Top of Data

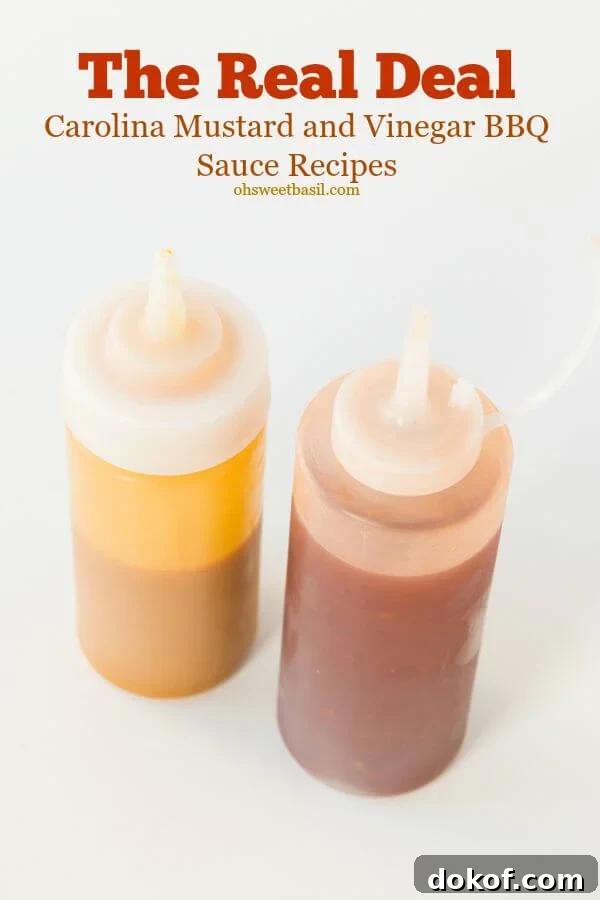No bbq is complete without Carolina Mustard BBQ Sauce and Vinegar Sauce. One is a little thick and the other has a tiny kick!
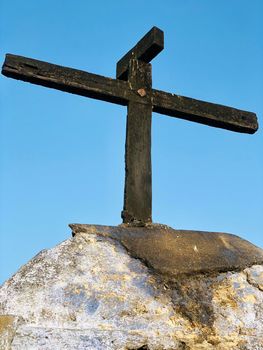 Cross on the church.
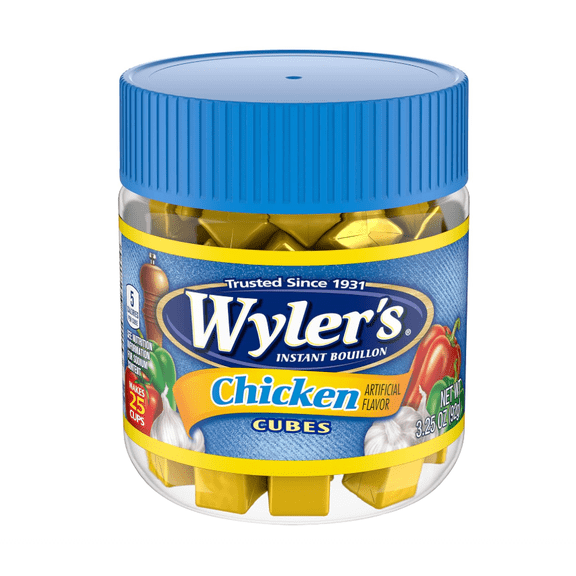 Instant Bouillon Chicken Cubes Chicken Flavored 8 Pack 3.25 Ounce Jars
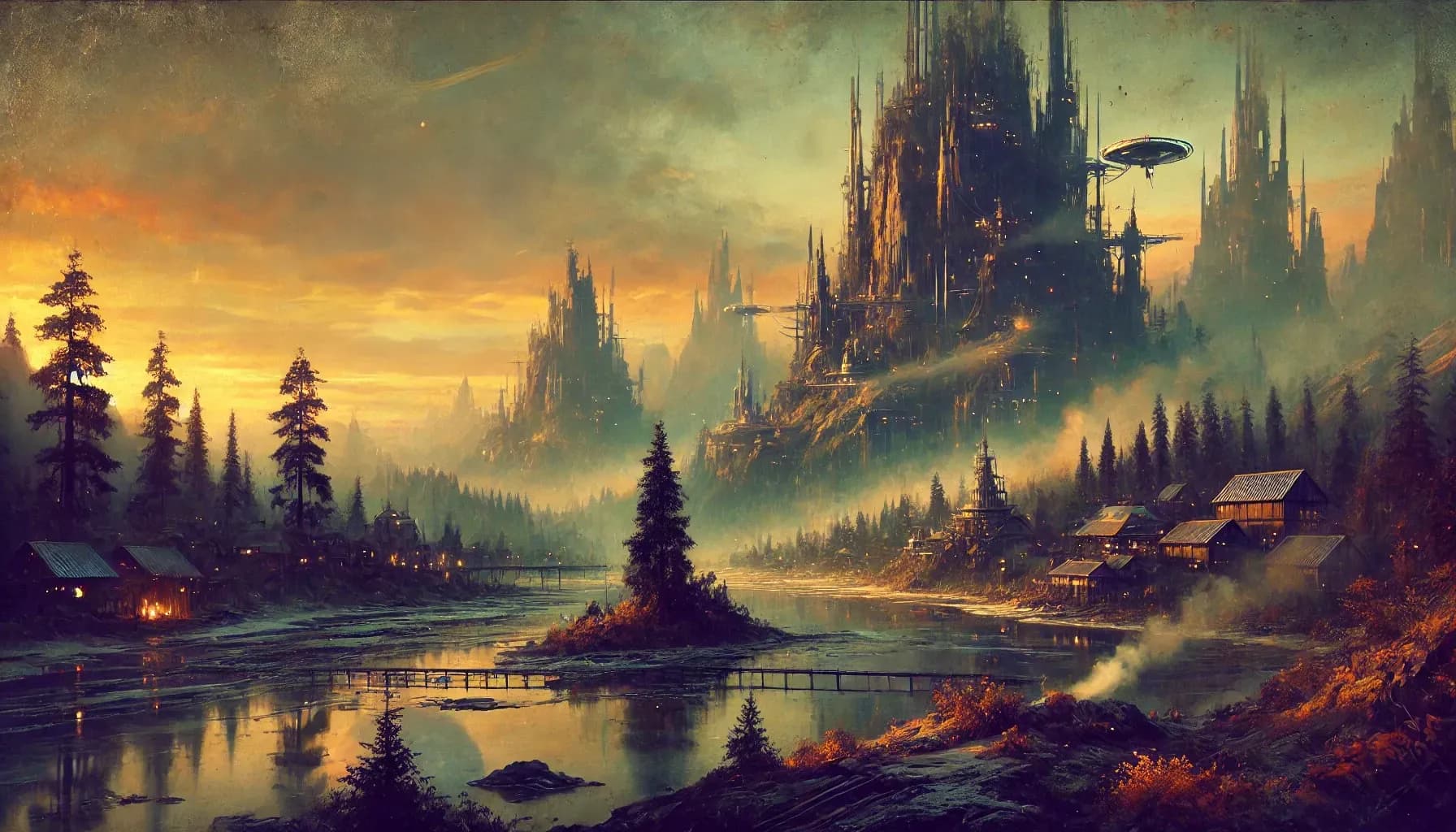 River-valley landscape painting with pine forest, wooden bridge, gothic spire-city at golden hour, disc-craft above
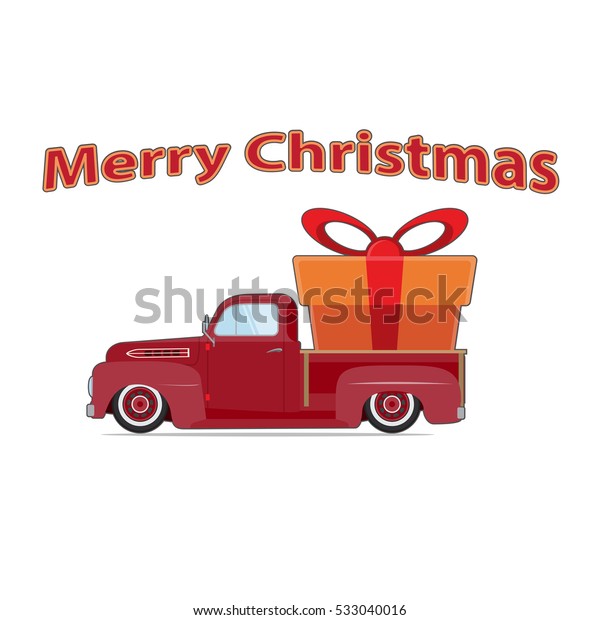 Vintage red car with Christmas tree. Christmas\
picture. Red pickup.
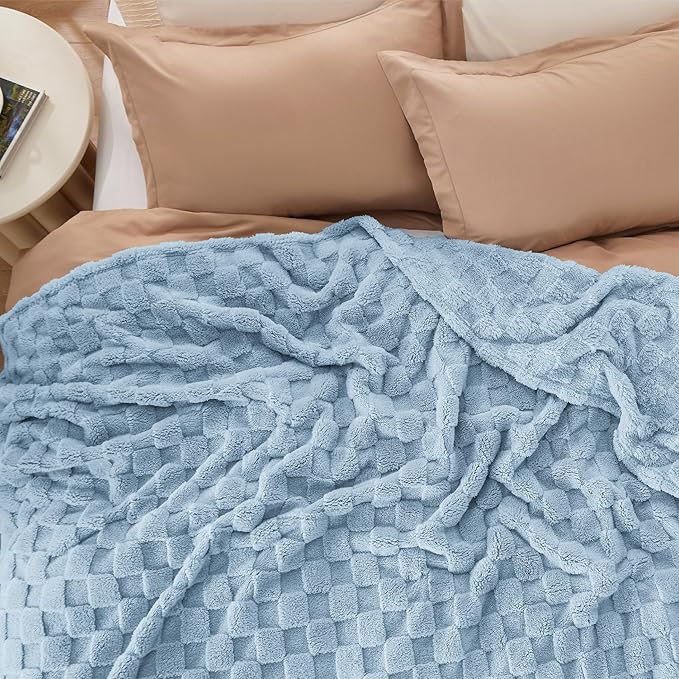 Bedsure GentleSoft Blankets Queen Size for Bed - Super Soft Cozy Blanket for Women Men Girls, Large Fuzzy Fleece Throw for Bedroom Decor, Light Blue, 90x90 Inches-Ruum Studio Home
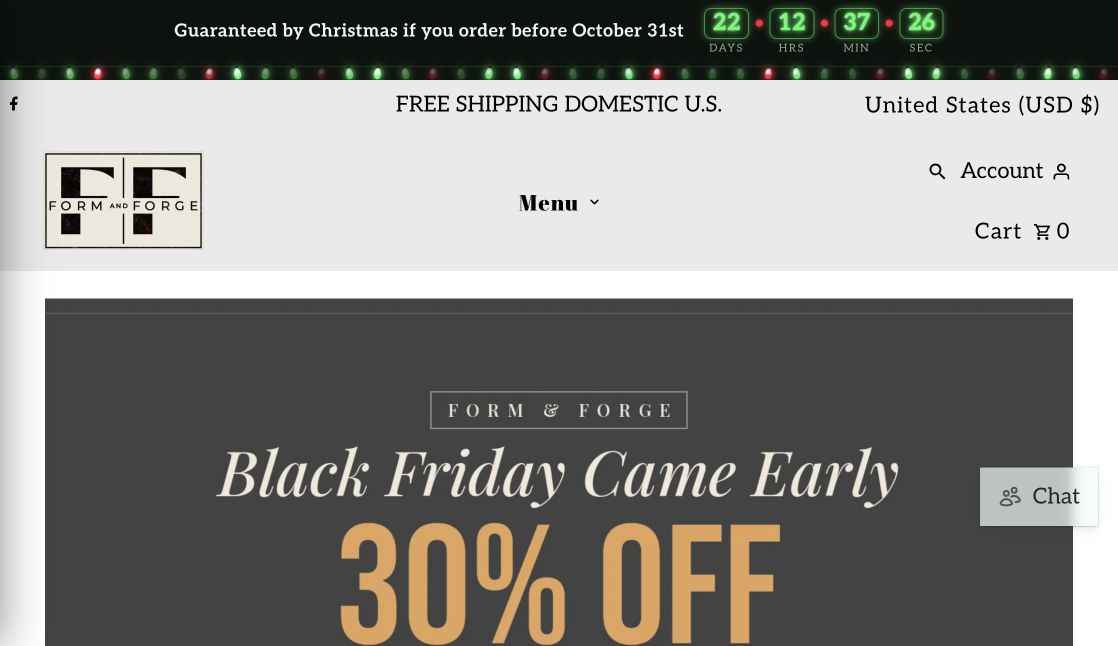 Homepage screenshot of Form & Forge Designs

Bottom of Data

__What the task asks__: Above are some records; extract exactly the lines from the one containing "Cross on the church." through the one containing "River-valley landscape painting" and drop the pictures.

__Answer for this exercise__:
 Cross on the church.
 Instant Bouillon Chicken Cubes Chicken Flavored 8 Pack 3.25 Ounce Jars
 River-valley landscape painting with pine forest, wooden bridge, gothic spire-city at golden hour, disc-craft above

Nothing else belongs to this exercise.